My name is Cynthia Phinney. I live in New Sharon and I am here today to testify on behalf of a bill that would commit the state of Maine to avoid sweatshops when purchasing goods.

From 1979 to 1990 I worked as a handsewer for L.L. Bean, making shoes. Handsewers do the handsome stitching around the toes on shoes like penny loafers and moccasins. I considered it a good job, and most of my co-workers had been making their living at this trade for various companies in the state of Maine for their entire working lives. Handsewers at the time earned between $7 and $12 per hour plus benefits, working piece-rate, with most of us probably in the $8-9 range, or around $17,00 -18,000 per year. We were the best paid workers on the production floor, and our work - including benefits - probably accounted for $4-6 dollars of a pair of shoes which would sell for $60-100.00 in the LL Bean catalog.

Sometime around 1988, L.L. Bean began "Offshore Sourcing" some of our work to Korea. Hides were flown from the United States to factories overseas, where most of the work was done. The shoes were then shipped to our factory in Maine where the soles were put on them and they were sent to the L.L. Bean warehouse to be sold. After a relatively short time of doing this, the work was moved from Korea to the Dominican Republic. At that time, there was a man who worked in the office at the factory who periodically visited the "offshore" factories where the work was being done. He told us that handsewers there worked so tightly packed in that their hands nearly touched each other as they stitched. He told one of my co-workers that he often had to take a day or two off when he returned from these trips because the conditions he saw sickened him.

Once the offshore program was firmly established, L. L. Bean began to lay off the handsewers. Our department shrunk from fifty-five workers to about ten by the time I left. I believe they have less than five now.

My next job was at Downeast Shoe in Livermore Falls, where we sewed shoes for Cole Haan. At Downeast, we were paid less for our work, our benefit package was significantly leaner, but the shoes we made were sold for three to four times the price of Bean's shoes at the Cole Haan factory outlet in Freeport. I have no idea what they sold for at full price. At Downeast, every single one of my co-workers had been recently laid off from some other shoe factory in the area as the work had been either "Offshore sourced" or the plant had closed completely. My co-workers had come from Bass in Wilton, J.L. Coombs in Skowhegan, and more places I wasn't familiar with. This was right after Bass Shoe began moving its labor to countries where - according to the newspaper reports - they could get people to work for sixty cents an hour.

Within a year of when I started at Downeast, they too began laying off.

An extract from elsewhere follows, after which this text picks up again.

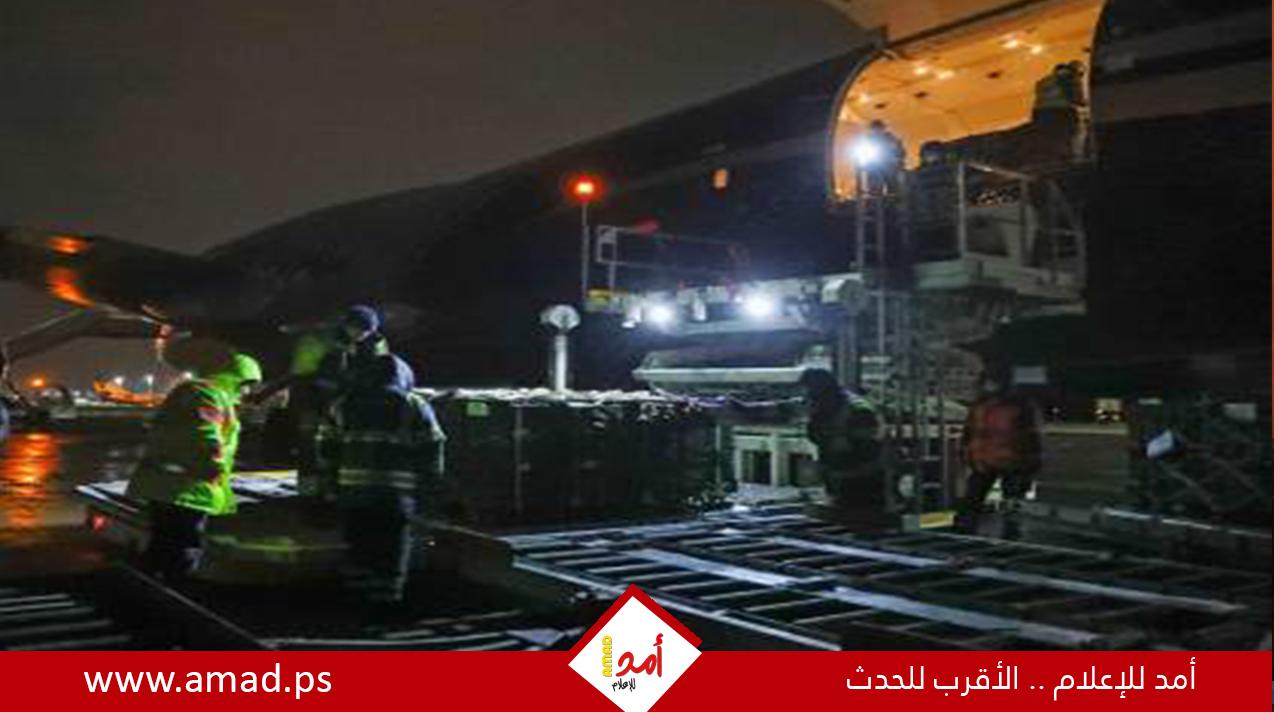 أمريكا تواصل تزويد إسرائيل بشحنات أسلحة ضخمة لدعم حربها على غزة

That plant is now closed and the building is for sale.

Some of my friends from Downeast went to work at Franklin Shoe in Farmington - a factory which had been part of Farmington's economic life for many years. Just this past year, Franklin shoe closed this factory as it has now moved all its production to China.

We hear a lot these days about "the market driven economy". There is more to the "market" than price. As a consumer I try as much as possible to purchase goods from companies where workers get a reasonable deal - where they receive a decent share of the profits they work to create, where labor laws are adequate and adequately enforced to offer them important protections on the job. I - and I'm sure you as well - would never own slaves. I think it is imperative that we also refuse to purchase goods which were manufactured under slave-like conditions, merely because those conditions are invisible to us by virtue of not being right in our backyard. (there are, by the way, plenty of sweatshops in the United States, but they also are not immediately in most our views). I do not want my tax dollars supporting the downward spiral for workers which I described above. And because of all the pressures to reduce costs - dollar costs that is - I believe this legislation is necessary to give state purchasers the ability to do the right thing and be part of the market that supports decent jobs and working conditions in the twenty-first century.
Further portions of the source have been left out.